Co ma pingowanie routera do dns?

Ewentualnie spróbować na czystym profilu FF.

----------

## Belliash

 *loki29 wrote:*   

> Co ma pingowanie routera do dns?
> 
> Ewentualnie spróbować na czystym profilu FF.

 

 *Indrunio wrote:*   

> (...) mogę zpingować każdą strone (...)

 

czytaj ze zrozumieniem...

----------

## Indrunio

Oto wynik:

# Generated by dhcpcd for interface eth0

nameserver 213.120.62.103

nameserver 213.120.62.104 

Ale to raczej nie jest wina DNS, bo wpisywałem w przeglądarce IP różnych stron i też nie otwiera ;/

---

No właśnie stron ftp chodzą, nie chodzą http:P mam ręcznie ustawiony adres ip, broadcast, maske i brame domyślną

--- Edytowane przez moderatora.

Połączono dwa posty. Jak chcesz coś dopisać to edytuj posta.

Kurt Steiner

----------

## Belliash

 *Indrunio wrote:*   

> No właśnie stron ftp chodzą, nie chodzą http:P mam ręcznie ustawiony adres ip, broadcast, maske i brame domyślną

 

Zadalem Ci pytanie....

----------

## Bialy

Jak pisał Belliash: nie grzebałeś w regułkach firewall'a  :Question: 

----------

## Indrunio

Aaa sory... nie nie używam iptables i nie grzebałem w firewallu

----------

## Belliash

1) Probowales innych przegladarek?

2) Uzywasz jakiegos proxy?

3) Probowales ominac router? Przypadek z zycia wziety jak mialem wifi... Na linuksie wszystko dzialalo a pod windowsem dzialal tylko ping, ale neta nie bylo i nawet gg sie nie laczylo... Kilka dni na to stracilem wkoncu opieprzylem ISP i po kilku godzinach zaczelo dzialac... Moze jakis nowy ficzers wlaczyles z ktorym nie radzi sobie karta albo sterownik do niej? Wiec nie wykluczaj od razu routera... Podlacz modem bezposrednio pod kompa i sprawdz  :Wink: 

----------

## Indrunio

Tak próbowałem otwierać konquerem, operą i wszędzie jest tak samo. Nie używam proxy, niby jak mam obejść router?

----------

## Belliash

 *Indrunio wrote:*   

> Tak próbowałem otwierać konquerem, operą i wszędzie jest tak samo. Nie używam proxy, niby jak mam obejść router?

 

Skad ja mam to wiedziec? Odpowiem Ci w poniedzialek jak moja osobista wrozka wroci z wakacji, albo jak powiesz w ogole co to za internet....
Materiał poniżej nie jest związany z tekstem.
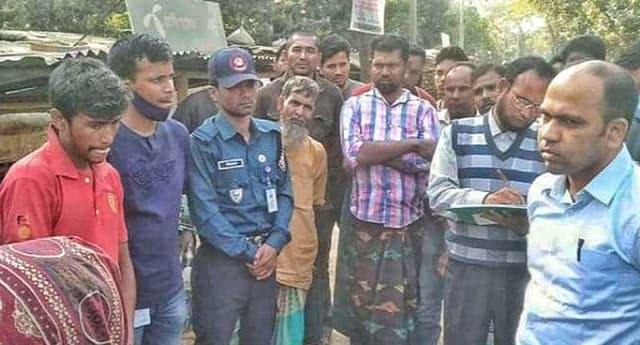 গাংনীতে ভ্রাম্যমাণ আদালতে মাদকসেবীর কারাদণ্ড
Ale moze wystarczy podlaczyc modem bezposrednio do komputera zamiast do routera?

----------

## Indrunio

Jak używam routera to po jakiego mi modem:P mam podłączony komputer bezpośrednio do routera, a internet mam od TPSA neostrada

----------

## Belliash

widzisz....

router to router.... poczytaj sobie w internecie co to za urzadzenie i do czego sluzy... tak samo modem....

Neostrada to ADSL... aby moc skorzystac potrzebny jest modem ADSL....

modem podlacza sie pod port WAN w routerze...

tak w wielkim skrocie... chyba ze masz modem zintegrowany z routerem... ale wtedy to juz nie jest router tylko modemo-router.... Wiec kurna zacznijcie nazywac rzeczy po imieniu albo podawajcie model... myslisz ze Edimax wyprodukowal tylko 1 urzadzenie!? Chcesz by ktos Ci pomogl to opisuj konkretnie problem wyszczegolniajac poszczegolne rzeczy... bo czytajac ten watek czuje sie tak jakbys mi napisal o problemie z Xami nie podajac xorg.conf i nie mowiac nawet jaka masz grafike... tak bede strzelal ze ATI i ze nie dziala na niej akceleracja 3D..... i sam jestes sobie winien takiemu stanu rzeczy...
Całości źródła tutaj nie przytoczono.